One common mistake when measuring employment or unemployment is to highlight a month by month comparison. These numbers are not an exact science, so the variance between two consecutive months can swing significantly in such short time frames. But here’s a full year comparison worth pondering:
In the last 12 months, labor force growth in the other 49 states has averaged a rate TWELVE TIMES HIGHER than vaunted California.
NOTE: “Labor force” is the government’s tally of people working, or looking for work.
In essence, CA seems to discourage people from looking for work in the Golden State. Others are leaving the state for better job prospects, or to reduce living costs. Net result – a static work force with little ability to meet employers’ additional personnel needs.
While CA is producing many new jobs, more and more people are dropping out of the state’s labor force. Even with increasing jobs, CA has a July state unemployment rate of 4.2%, while the national unemployment rate is 3.9%. CA unemployment is 8.8% higher than the average rate in the other 49 states.

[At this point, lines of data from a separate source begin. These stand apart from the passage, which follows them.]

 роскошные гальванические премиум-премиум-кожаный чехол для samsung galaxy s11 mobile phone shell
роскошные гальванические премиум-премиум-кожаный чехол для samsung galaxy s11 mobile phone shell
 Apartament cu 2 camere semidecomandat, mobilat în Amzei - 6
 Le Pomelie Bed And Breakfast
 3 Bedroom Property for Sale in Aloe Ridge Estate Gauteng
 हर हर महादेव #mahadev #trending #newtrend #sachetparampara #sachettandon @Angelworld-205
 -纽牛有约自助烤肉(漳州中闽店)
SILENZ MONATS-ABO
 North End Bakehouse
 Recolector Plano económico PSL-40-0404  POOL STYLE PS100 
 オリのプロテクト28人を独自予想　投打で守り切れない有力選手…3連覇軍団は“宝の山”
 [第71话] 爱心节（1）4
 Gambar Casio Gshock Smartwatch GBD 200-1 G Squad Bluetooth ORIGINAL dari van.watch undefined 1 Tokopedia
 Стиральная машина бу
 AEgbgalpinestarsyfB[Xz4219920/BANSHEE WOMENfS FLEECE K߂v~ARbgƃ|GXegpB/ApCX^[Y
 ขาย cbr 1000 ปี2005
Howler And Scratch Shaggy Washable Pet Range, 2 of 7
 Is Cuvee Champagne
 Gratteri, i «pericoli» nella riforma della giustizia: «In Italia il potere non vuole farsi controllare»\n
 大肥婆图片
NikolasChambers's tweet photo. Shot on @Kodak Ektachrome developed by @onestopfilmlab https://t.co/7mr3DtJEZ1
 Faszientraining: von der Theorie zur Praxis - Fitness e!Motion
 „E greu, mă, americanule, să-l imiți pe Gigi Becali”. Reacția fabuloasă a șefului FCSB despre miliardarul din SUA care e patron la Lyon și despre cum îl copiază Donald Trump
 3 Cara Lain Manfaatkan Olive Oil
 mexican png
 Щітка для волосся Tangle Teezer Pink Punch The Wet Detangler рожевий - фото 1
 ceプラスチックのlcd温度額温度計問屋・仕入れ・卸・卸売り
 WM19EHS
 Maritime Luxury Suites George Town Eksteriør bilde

“California’s labor force grew only 16,900 over the year ending July 2018, or 0.1% growth. The US as a whole grew 1.8 million – a 1.1% expansion. While workers elsewhere continue to return to the workforce, California’s low rate has implications for continued growth in the state, including the ability to sustain job growth if fewer workers are available and continued effects on state and local budgets for higher social program spending compared to other states.”
Moreover, CA is still the “gig economy,” with a high rate of part-time workers compared to most other states. Remember, if you work at least one hour a week, you are considered “employed.”